By distinguishing fast and slow biodegradable fractions:

  • Aeration can be aligned with actual biological demand

  • Over-aeration associated with conservative BOD assumptions is avoided

  • Energy consumption and blower sizing are optimised

Predictable Sludge Generation

Inert particulate COD directly determines sludge production. Accounting for this fraction allows better planning of sludge handling systems and lifecycle costs.

Stability in Modular and Package STPs

COD fractionation enables:

  • Accurate SRT selection

  • Stable operation under variable influent conditions

  • Improved performance of SBR, MBBR, and granular sludge systems

Relationship Between COD Fractionation and CPCB Parameters

While CPCB standards continue to specify BOD, COD, TSS, and nutrient limits for compliance, COD fractionation serves as a design and optimisation tool, not a replacement for regulatory parameters.

  • BOD: Compliance and reporting

  • COD: Identification of treatable vs inert organics

  • Nitrogen Limits: Dependent on rbCOD availability

  • TSS and Sludge: Influenced by particulate COD fractions

A Practical Design Philosophy for Indian STPs

A modern, CPCB-aligned approach integrates both regulatory and biological perspectives:

  • Design Basis: COD fractionation (rbCOD, sbCOD, bCOD, Xi)

  • Operational Control: Phase-based aeration, SRT management

  • Compliance Reporting: BOD, COD, TSS as per CPCB norms

This approach bridges the gap between what regulators measure and how biological systems actually function.

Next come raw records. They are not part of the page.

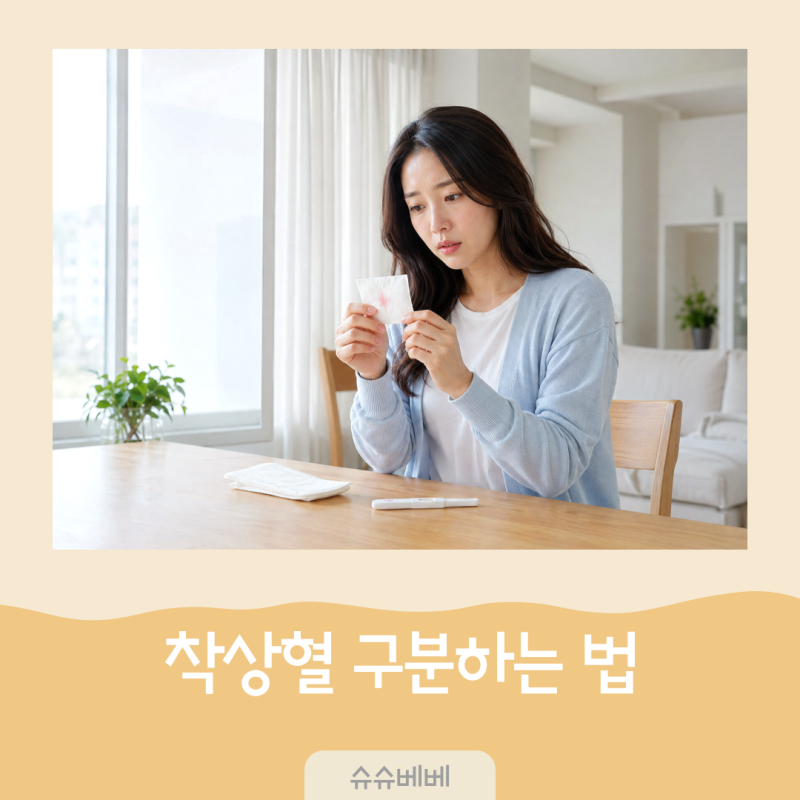 착상혈 시기 색 양, 임신극초기증상과 생리혈 구분하는 법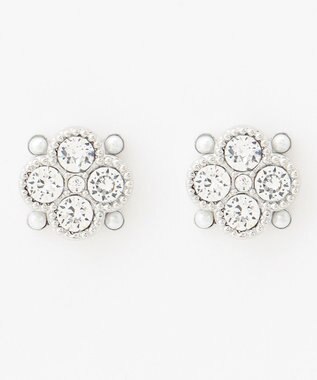 TOCCA CLOVER BIJOUX PIERCED EARRINGS ピアス シルバー系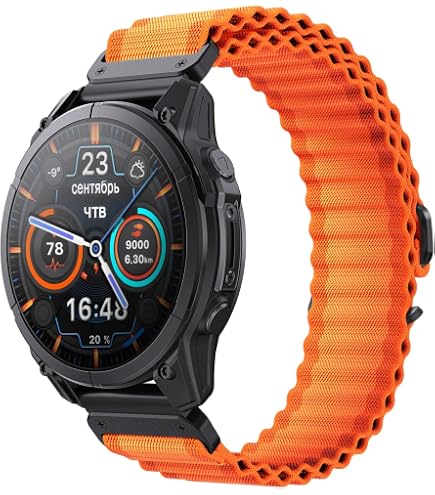 Cinturino Magnetico Silicone 22mm QuickFit Per Garmin Fenix 8/E/7/6/5, Tactix 8, Quatix 8, 47mm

BOD remains an essential compliance parameter, but it is no longer sufficient as a standalone basis for designing modern sewage treatment plants. Incorporating soluble and insoluble COD fractionation enables predictable performance, energy efficiency, and long-term stability—particularly under Indian sewage conditions.

As sewage treatment technologies evolve, design methodologies must evolve alongside regulatory frameworks, ensuring that CPCB compliance is achieved through scientifically sound and operationally robust systems.